DATA IN THIS EXERCISE:

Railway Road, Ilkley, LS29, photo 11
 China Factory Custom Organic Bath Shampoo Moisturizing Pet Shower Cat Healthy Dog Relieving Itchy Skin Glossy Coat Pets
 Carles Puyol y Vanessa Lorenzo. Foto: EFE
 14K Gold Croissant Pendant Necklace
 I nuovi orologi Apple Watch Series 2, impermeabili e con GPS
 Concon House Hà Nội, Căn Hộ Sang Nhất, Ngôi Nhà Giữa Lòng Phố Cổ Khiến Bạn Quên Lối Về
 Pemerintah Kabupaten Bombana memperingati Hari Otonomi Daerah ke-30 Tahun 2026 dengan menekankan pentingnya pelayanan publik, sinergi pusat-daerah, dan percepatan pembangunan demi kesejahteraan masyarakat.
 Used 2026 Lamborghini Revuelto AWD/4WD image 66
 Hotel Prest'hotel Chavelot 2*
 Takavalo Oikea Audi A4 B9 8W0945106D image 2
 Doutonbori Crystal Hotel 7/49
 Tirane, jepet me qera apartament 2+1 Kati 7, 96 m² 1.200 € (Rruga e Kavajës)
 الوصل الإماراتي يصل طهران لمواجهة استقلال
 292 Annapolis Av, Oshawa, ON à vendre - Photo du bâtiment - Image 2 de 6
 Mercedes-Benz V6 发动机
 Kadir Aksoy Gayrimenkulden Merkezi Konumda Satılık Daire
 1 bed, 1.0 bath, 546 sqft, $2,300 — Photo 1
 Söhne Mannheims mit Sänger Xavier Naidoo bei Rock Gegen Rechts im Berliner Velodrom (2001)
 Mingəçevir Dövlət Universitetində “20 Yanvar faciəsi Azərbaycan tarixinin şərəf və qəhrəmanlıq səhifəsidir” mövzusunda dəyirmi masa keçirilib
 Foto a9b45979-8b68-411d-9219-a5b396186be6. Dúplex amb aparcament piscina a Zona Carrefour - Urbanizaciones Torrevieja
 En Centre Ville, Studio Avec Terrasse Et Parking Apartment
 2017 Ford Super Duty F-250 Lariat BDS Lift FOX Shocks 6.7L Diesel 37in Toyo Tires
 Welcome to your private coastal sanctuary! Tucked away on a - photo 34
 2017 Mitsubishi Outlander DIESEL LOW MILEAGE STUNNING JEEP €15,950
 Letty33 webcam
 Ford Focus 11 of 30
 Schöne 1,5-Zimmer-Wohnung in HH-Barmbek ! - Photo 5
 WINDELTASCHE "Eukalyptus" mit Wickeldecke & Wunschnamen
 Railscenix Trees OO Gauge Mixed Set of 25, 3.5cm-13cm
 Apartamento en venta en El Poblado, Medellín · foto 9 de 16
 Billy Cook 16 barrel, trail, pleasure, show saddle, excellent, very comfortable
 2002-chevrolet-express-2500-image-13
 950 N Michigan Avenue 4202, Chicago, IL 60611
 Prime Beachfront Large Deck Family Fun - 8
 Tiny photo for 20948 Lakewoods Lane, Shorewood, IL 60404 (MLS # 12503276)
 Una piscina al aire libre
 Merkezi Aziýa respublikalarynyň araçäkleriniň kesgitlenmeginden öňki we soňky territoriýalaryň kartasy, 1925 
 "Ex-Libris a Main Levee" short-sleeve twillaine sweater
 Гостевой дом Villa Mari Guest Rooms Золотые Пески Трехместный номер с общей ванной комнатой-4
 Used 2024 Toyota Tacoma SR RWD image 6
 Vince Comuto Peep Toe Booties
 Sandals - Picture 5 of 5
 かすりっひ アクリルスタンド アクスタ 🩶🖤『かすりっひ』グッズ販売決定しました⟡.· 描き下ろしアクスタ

TASK GOAL: All that is wanted is the stretch of lines above from the one containing "Mingəçevir Dövlət Universitetində" through the one containing "Foto a9b45979-8b68-411d-9219-a5b396186be6. Dúplex", duplicated exactly.

RESPONSE TO THE EXERCISE:
 Mingəçevir Dövlət Universitetində “20 Yanvar faciəsi Azərbaycan tarixinin şərəf və qəhrəmanlıq səhifəsidir” mövzusunda dəyirmi masa keçirilib
 Foto a9b45979-8b68-411d-9219-a5b396186be6. Dúplex amb aparcament piscina a Zona Carrefour - Urbanizaciones Torrevieja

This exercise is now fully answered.